START Material for this task

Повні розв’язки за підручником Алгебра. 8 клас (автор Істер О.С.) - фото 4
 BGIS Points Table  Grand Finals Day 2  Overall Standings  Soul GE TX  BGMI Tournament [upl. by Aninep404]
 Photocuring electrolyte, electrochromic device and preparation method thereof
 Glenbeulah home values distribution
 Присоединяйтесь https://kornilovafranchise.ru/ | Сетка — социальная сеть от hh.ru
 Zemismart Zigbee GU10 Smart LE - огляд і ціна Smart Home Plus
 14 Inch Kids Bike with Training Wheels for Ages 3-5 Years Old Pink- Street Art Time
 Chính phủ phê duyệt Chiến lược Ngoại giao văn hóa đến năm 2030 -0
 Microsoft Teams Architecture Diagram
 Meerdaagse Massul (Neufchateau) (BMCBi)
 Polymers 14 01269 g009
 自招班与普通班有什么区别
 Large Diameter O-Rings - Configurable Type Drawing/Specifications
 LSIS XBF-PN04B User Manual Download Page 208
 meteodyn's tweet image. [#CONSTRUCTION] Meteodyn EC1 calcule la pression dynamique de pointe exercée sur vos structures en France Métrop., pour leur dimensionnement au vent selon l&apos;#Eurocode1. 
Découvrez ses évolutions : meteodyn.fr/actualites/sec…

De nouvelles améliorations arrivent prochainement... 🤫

END Material for this task

In the material above, find the line with "Meerdaagse Massul (Neufchateau) (BMCBi)"; then copy it and every line after it, exactly, through the end.

 Meerdaagse Massul (Neufchateau) (BMCBi)
 Polymers 14 01269 g009
 自招班与普通班有什么区别
 Large Diameter O-Rings - Configurable Type Drawing/Specifications
 LSIS XBF-PN04B User Manual Download Page 208
 meteodyn's tweet image. [#CONSTRUCTION] Meteodyn EC1 calcule la pression dynamique de pointe exercée sur vos structures en France Métrop., pour leur dimensionnement au vent selon l&apos;#Eurocode1. 
Découvrez ses évolutions : meteodyn.fr/actualites/sec…

De nouvelles améliorations arrivent prochainement... 🤫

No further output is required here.